Why is ETH crashing ? 12-02-2026
TL;DR
- 📉 ETH is crashing as part of a late-cycle crypto deleveraging and broader risk-off mood.
- 🔄 ETH has fallen more than BTC recently and is especially sensitive to rates and macro stress.
- ⚠️ Regulators, miners’ pressure, and on-chain stress add to the downside.
- 💬 There could be relief if ETF flows stabilize and macro conditions improve, but downside risk remains.
Why is ETH crashing?
It may seem that ETH is crashing just because the whole crypto market is under stress, but there are specifics behind ETH’s drop. In this late‑cycle phase, a broad deleveraging is under way (that means investors are reducing borrowed bets on risk assets). ETH has been weaker than BTC and is more sensitive to changes in interest rates and macro risk, so it tends to suffer more when risk appetite falls.
ETH has slid from recent highs to about the 1.8–2.1k range, while BTC has been trading in a wider band around 60–72k. This makes ETH particularly vulnerable to risk-off moves. The market has also seen heavy derivative liquidations (large losses on futures positions that force forced selling), which push prices lower in a vicious loop. In plain terms: when traders fear more losses, they sell more, and ETH bears the brunt.
Mining and on‑chain activity are contributing too. The difficulty of mining has dropped and hash rate has pulled back from peaks, while some miners are selling reserves or shifting resources to other tasks like AI workloads. This adds selling pressure on ETH in the short term. The stress isn’t limited to the mining world—regulatory and geopolitical headwinds are intensifying, which raises risk premiums for crypto assets, including ETH.
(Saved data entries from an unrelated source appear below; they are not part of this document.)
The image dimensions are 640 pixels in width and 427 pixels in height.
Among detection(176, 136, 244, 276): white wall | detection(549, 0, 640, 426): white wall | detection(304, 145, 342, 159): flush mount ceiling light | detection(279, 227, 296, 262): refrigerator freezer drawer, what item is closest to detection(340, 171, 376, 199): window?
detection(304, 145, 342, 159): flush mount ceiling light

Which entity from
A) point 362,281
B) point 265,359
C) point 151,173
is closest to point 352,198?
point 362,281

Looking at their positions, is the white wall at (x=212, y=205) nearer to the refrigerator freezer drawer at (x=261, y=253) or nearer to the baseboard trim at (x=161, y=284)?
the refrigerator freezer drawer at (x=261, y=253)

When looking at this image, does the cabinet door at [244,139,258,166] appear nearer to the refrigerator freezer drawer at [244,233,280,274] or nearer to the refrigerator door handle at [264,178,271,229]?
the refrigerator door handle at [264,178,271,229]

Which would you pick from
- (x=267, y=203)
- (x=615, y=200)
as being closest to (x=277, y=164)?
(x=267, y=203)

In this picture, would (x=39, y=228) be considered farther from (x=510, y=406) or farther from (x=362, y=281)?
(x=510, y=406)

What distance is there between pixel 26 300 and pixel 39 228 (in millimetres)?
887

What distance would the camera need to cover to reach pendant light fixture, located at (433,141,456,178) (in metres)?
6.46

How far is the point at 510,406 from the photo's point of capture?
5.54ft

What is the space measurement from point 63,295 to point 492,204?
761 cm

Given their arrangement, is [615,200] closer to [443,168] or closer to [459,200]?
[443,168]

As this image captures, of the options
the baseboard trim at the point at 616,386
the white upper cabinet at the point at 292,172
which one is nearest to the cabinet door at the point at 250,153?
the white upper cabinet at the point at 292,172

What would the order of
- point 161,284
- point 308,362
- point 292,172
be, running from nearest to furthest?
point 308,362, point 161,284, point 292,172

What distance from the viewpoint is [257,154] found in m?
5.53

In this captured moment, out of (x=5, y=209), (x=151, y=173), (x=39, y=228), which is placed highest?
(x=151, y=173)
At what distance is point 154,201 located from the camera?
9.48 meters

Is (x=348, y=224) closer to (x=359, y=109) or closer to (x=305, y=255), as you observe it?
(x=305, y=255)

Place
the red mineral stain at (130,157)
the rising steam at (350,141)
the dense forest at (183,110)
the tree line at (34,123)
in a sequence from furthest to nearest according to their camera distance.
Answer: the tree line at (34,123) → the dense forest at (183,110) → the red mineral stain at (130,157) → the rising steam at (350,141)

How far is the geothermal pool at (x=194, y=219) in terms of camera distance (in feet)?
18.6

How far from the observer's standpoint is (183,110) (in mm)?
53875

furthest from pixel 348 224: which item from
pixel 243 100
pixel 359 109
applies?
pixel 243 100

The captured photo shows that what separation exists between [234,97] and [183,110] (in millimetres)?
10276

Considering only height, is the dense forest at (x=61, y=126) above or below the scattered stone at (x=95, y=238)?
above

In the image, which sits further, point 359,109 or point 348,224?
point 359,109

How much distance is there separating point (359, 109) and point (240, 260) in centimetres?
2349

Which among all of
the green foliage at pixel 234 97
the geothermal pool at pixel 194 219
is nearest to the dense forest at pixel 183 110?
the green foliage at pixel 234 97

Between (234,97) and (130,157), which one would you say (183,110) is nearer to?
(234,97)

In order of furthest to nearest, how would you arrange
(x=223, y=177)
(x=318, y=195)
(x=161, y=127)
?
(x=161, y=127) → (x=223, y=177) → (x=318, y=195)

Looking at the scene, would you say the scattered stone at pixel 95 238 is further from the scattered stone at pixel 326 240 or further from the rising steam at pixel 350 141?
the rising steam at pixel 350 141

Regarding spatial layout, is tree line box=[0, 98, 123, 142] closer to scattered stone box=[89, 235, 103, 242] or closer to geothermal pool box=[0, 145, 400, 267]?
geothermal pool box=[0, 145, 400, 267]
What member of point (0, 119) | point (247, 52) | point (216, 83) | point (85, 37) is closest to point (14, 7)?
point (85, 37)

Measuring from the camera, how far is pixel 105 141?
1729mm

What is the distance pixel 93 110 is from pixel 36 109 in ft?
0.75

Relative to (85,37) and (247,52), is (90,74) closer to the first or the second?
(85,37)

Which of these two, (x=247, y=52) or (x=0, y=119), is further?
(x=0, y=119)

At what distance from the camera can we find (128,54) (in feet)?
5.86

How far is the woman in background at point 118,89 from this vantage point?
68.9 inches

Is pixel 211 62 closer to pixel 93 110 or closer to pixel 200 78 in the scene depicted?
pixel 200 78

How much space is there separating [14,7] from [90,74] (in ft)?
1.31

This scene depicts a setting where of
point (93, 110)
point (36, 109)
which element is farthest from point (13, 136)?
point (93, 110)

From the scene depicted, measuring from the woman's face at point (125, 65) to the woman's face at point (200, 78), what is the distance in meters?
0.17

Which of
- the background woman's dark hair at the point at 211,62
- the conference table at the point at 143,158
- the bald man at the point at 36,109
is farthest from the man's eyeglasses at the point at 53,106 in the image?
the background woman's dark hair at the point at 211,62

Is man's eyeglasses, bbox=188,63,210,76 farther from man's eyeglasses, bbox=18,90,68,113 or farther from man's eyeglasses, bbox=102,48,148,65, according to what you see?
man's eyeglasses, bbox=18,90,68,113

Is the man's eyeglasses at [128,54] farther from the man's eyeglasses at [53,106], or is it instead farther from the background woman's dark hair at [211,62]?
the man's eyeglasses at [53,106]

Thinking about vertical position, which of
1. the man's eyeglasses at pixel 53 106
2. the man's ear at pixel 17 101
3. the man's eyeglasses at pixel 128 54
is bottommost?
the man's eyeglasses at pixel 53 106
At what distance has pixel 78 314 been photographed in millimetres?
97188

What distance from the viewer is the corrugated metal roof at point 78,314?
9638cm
backing these moves is a macro backdrop of a risk-off environment. Inflation is cooling a bit, but policy remains restrictive and the dollar has been relatively firm. In this frame, risk assets with high beta, like ETH and other altcoins, tend to underperform. The market even when macro has softened, remains fragile: liquidity conditions are still tight in places, and big institutions have shifted to a more cautious stance, with ETF flows around ETH/crypto markets moving from outright outflows toward neutrality or modest inflows only rarely.
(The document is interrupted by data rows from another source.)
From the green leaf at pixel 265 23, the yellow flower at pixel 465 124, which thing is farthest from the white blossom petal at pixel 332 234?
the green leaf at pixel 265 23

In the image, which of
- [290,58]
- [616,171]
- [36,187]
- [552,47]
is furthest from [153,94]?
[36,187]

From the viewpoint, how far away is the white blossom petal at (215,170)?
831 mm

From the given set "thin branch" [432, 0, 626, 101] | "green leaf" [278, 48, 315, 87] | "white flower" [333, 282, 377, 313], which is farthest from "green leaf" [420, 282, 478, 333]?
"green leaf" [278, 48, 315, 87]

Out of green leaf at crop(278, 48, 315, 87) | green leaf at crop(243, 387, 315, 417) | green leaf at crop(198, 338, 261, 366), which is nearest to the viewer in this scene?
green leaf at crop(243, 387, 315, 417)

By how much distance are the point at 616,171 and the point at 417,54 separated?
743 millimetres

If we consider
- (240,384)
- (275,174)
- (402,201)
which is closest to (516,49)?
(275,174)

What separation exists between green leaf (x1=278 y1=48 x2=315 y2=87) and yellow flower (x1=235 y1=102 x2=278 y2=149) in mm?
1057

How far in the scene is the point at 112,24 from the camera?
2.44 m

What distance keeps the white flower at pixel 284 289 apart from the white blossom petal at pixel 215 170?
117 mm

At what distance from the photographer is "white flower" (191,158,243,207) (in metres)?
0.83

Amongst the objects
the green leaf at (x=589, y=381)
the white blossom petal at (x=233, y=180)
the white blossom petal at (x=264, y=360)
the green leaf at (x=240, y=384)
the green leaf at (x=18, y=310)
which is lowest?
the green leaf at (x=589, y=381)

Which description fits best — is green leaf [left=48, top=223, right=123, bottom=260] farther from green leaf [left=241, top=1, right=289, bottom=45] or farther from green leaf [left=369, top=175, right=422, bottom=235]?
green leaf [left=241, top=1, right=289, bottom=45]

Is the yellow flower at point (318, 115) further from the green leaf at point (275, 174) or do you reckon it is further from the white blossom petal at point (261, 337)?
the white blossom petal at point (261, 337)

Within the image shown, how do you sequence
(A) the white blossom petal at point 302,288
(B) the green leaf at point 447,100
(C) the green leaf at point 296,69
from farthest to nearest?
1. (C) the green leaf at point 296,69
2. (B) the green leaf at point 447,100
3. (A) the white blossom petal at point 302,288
In short, ETH is crashing not only because of the general crypto wreck but also because ETH is more exposed to late-cycle deleveraging, higher sensitivity to rates, heavy on-chain and miner pressure, and regulator‑driven risk premiums. The current setup favors BTC as the safer core and leaves ETH more exposed to downside. The near-term risk remains for ETH to test the 1.6–1.8k zone if macro stress reappears or if liquidity pulses don’t return. If ETF inflows resume and macro conditions improve, there could be some relief; otherwise, further declines are plausible.